• _Task statement_: Any image found in the entries is to be skipped; the rest is returned word for word.

• _Stored data_:
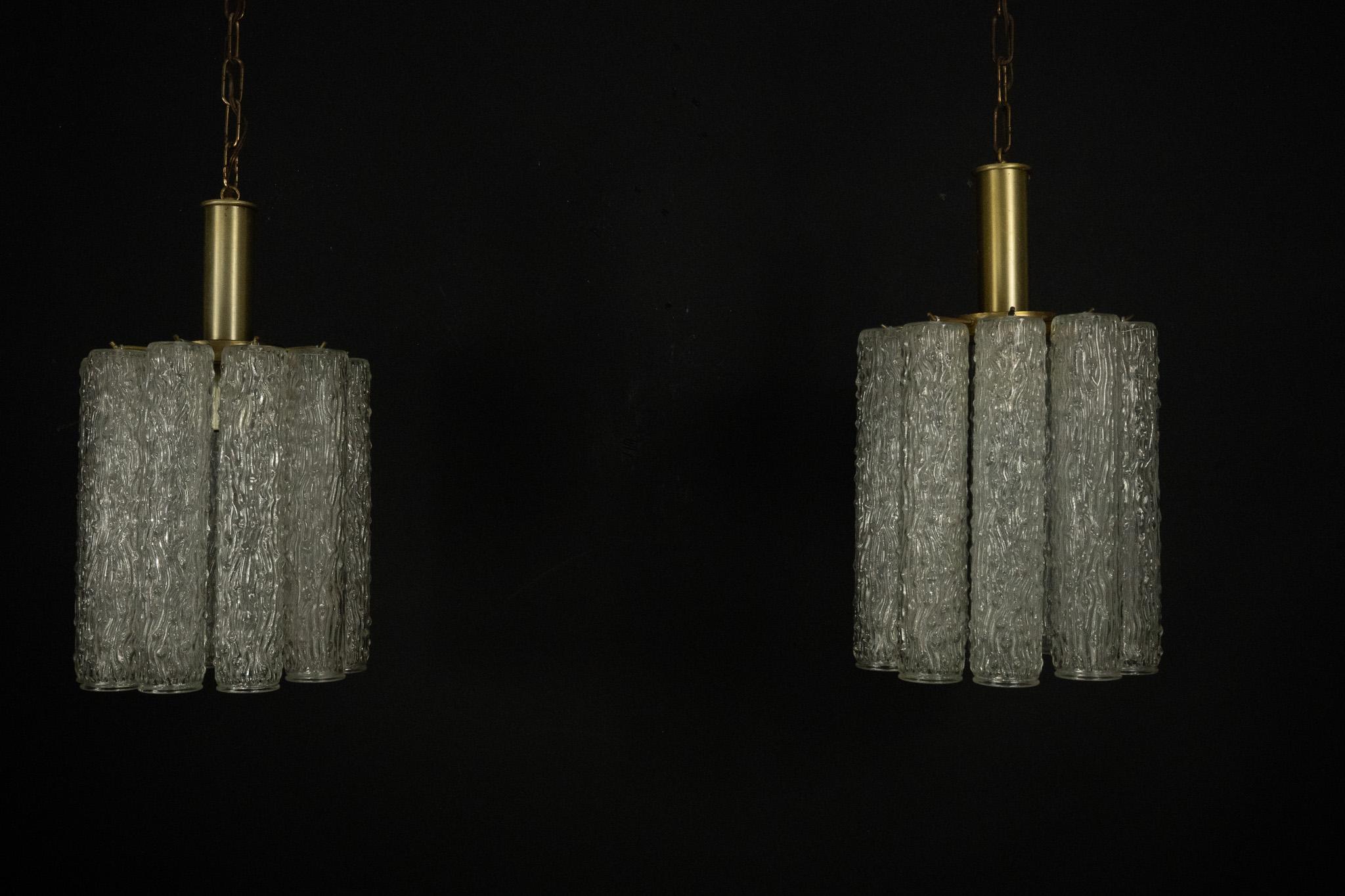 Coppia di lampadari in vetro di Murano e ottone nello stile di Toni Zuccheri. Italia in vendita 9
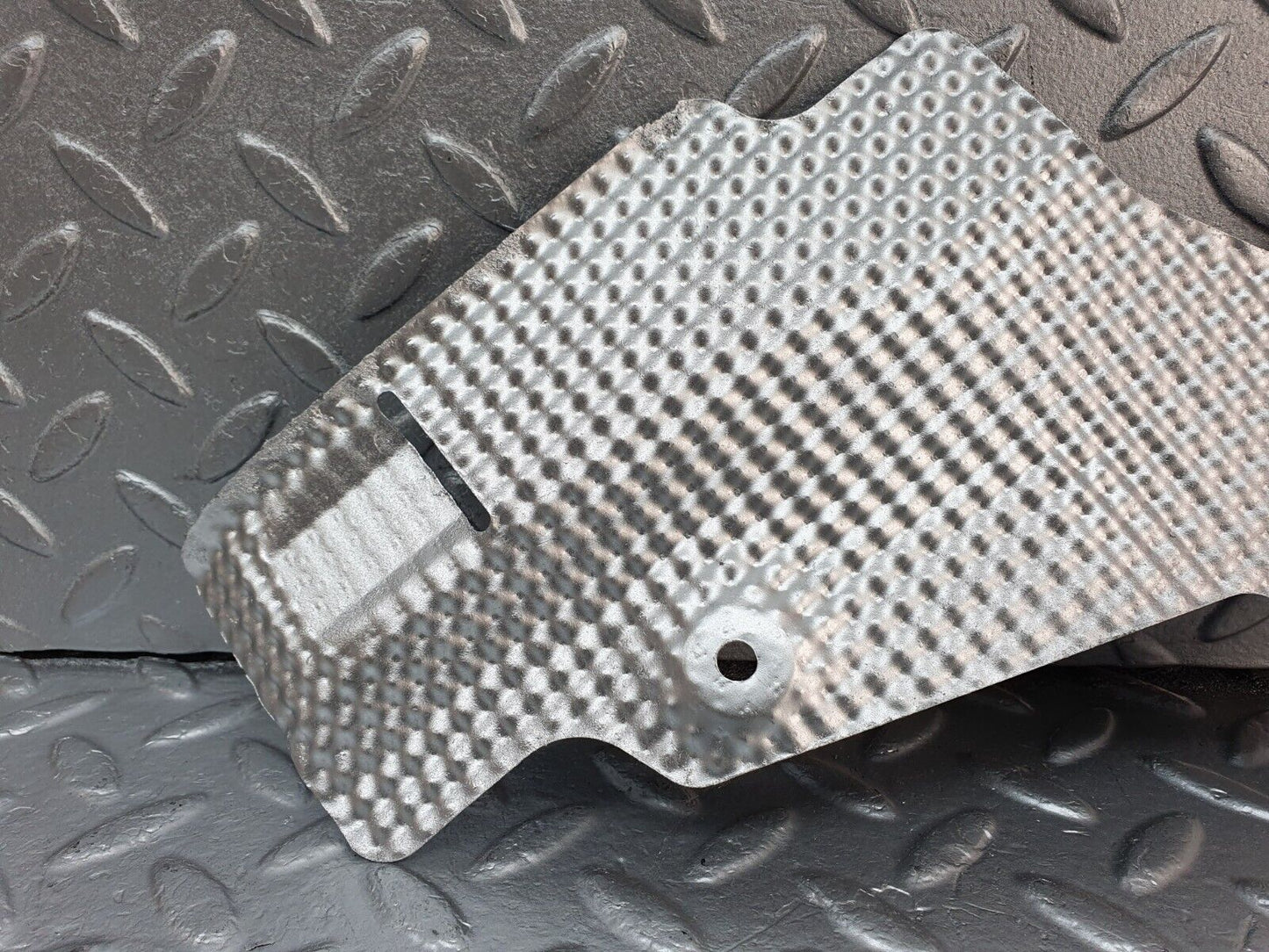 41892 Mercedes-Benz W202 C200 Exhaust Heat Shield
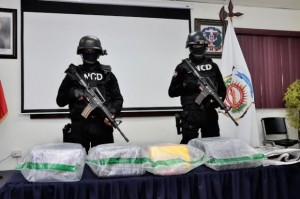 Incautan 24 paquetes de cocaína en contenedor en Puerto de Haina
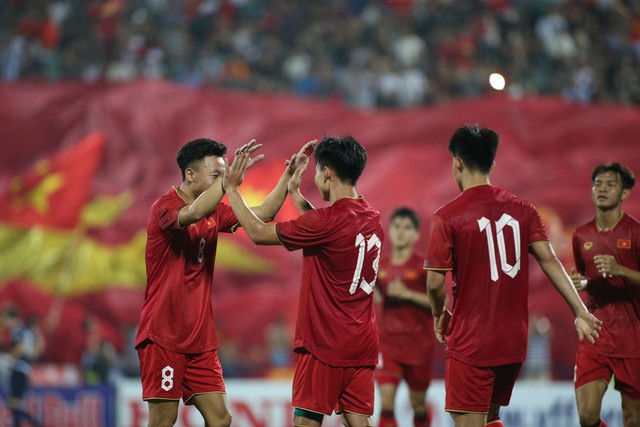 Sao trẻ CLB Công an Hà Nội khai pháo, U23 Việt Nam có màn khởi đầu hoành tráng - Ảnh 2.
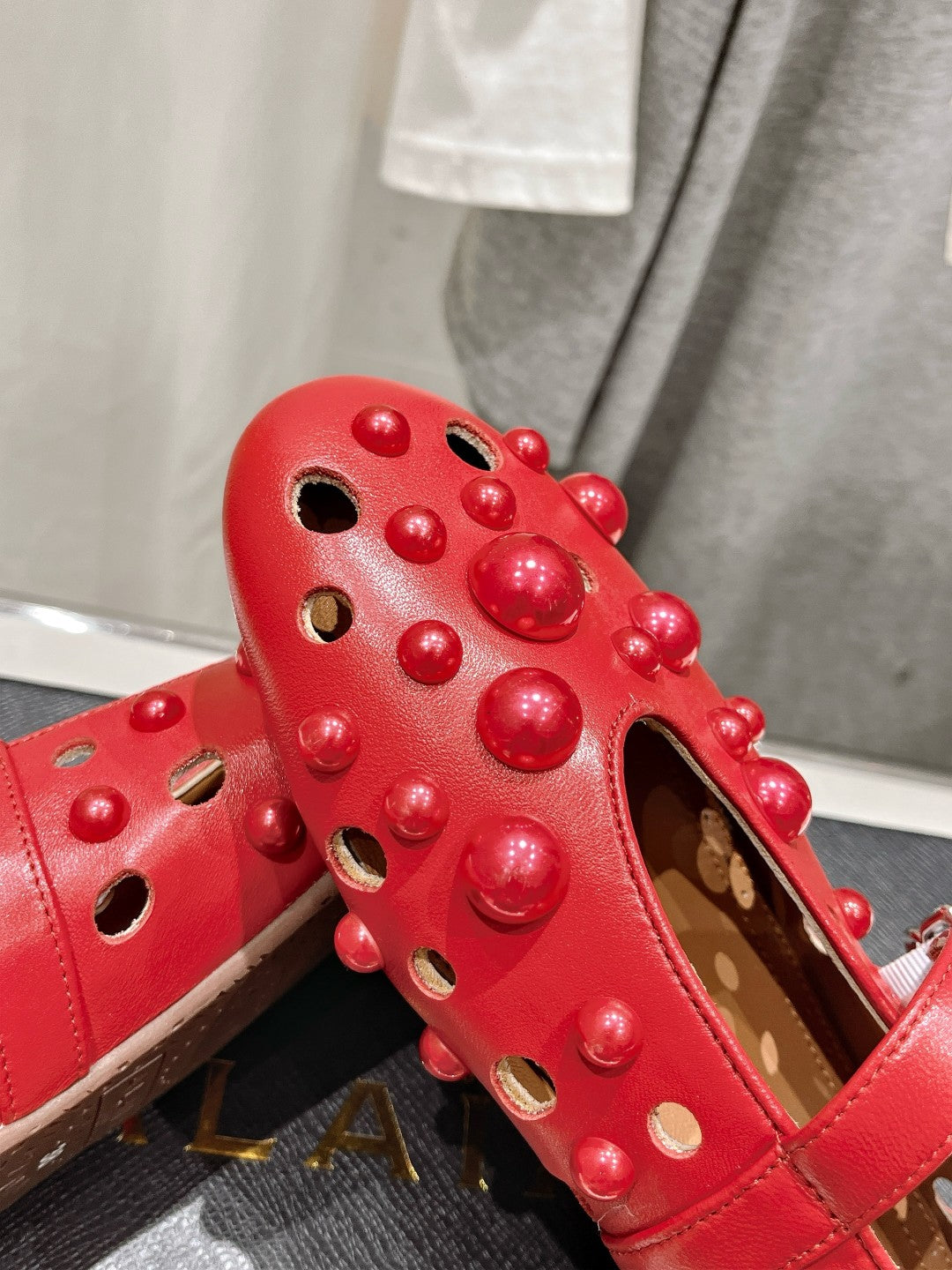 ALAIA PEARL MARY JANE SHOES IN ROSE RED LAMBSKIN
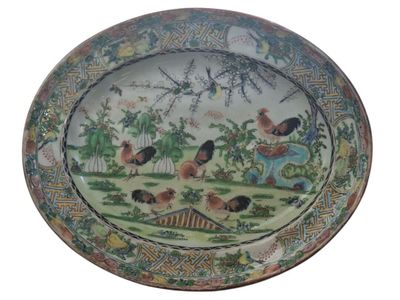CHINE, CANTON, vers 1900 Plat ovale en porcelaine, à décor p…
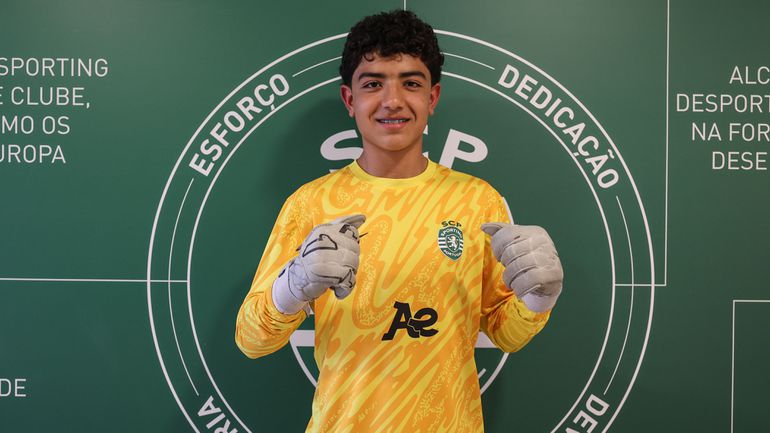 Sporting 'segura' guarda-redes de 14 anos
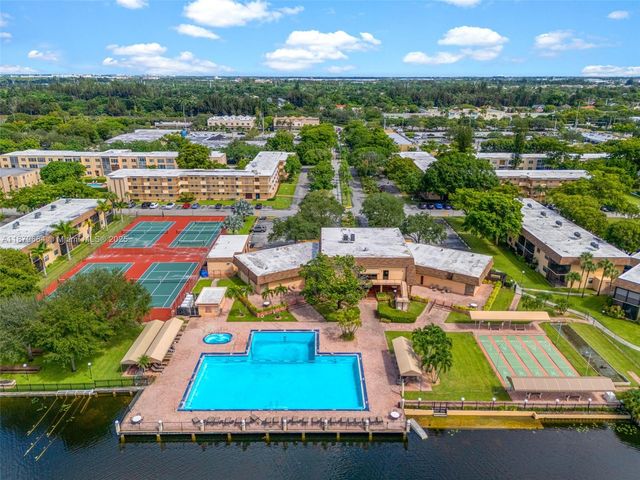 140 Fox Rd 3-46, Hollywood, FL 33024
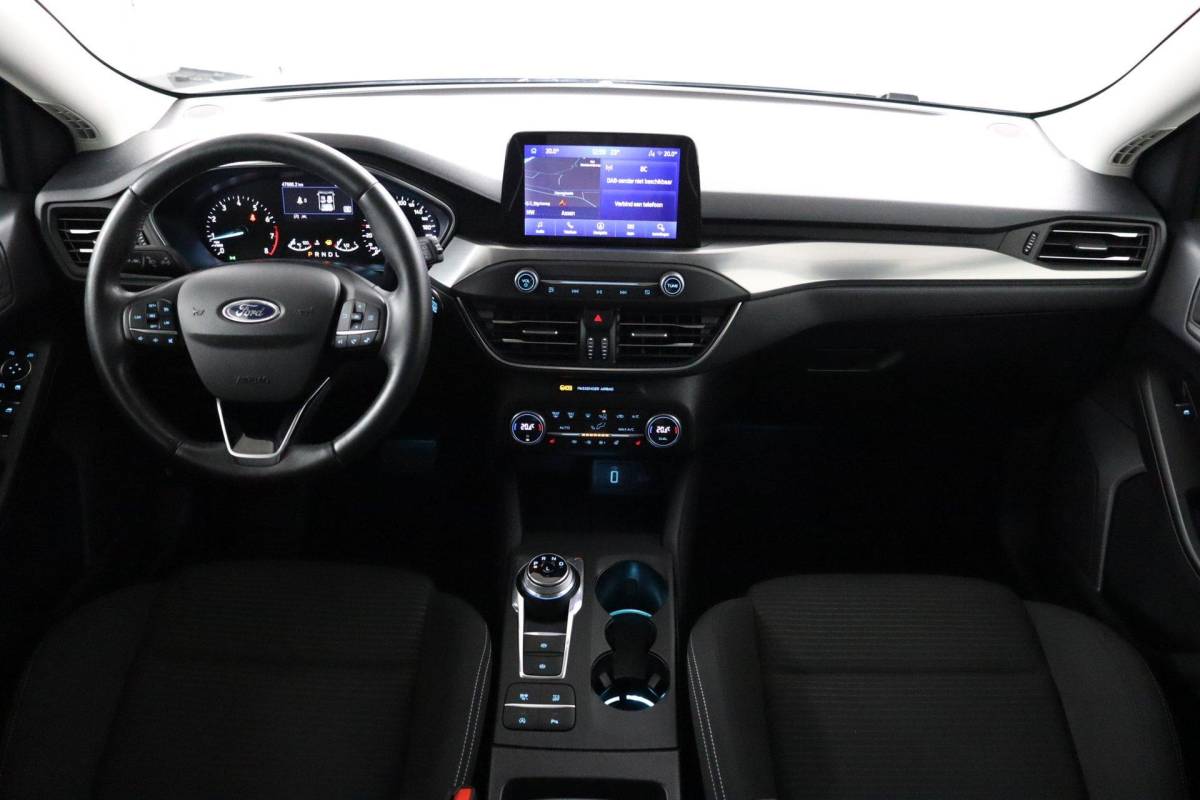 Ford Focus Ford Focus 1.0 EcoBoost Titanium Business |NAP|Automaat|Winterpack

• _Answer below_:
 Coppia di lampadari in vetro di Murano e ottone nello stile di Toni Zuccheri. Italia in vendita 9
 41892 Mercedes-Benz W202 C200 Exhaust Heat Shield
 Incautan 24 paquetes de cocaína en contenedor en Puerto de Haina
 Sao trẻ CLB Công an Hà Nội khai pháo, U23 Việt Nam có màn khởi đầu hoành tráng - Ảnh 2.
 ALAIA PEARL MARY JANE SHOES IN ROSE RED LAMBSKIN
CHINE, CANTON, vers 1900 Plat ovale en porcelaine, à décor p…
 Sporting 'segura' guarda-redes de 14 anos
 140 Fox Rd 3-46, Hollywood, FL 33024
 Ford Focus Ford Focus 1.0 EcoBoost Titanium Business |NAP|Automaat|Winterpack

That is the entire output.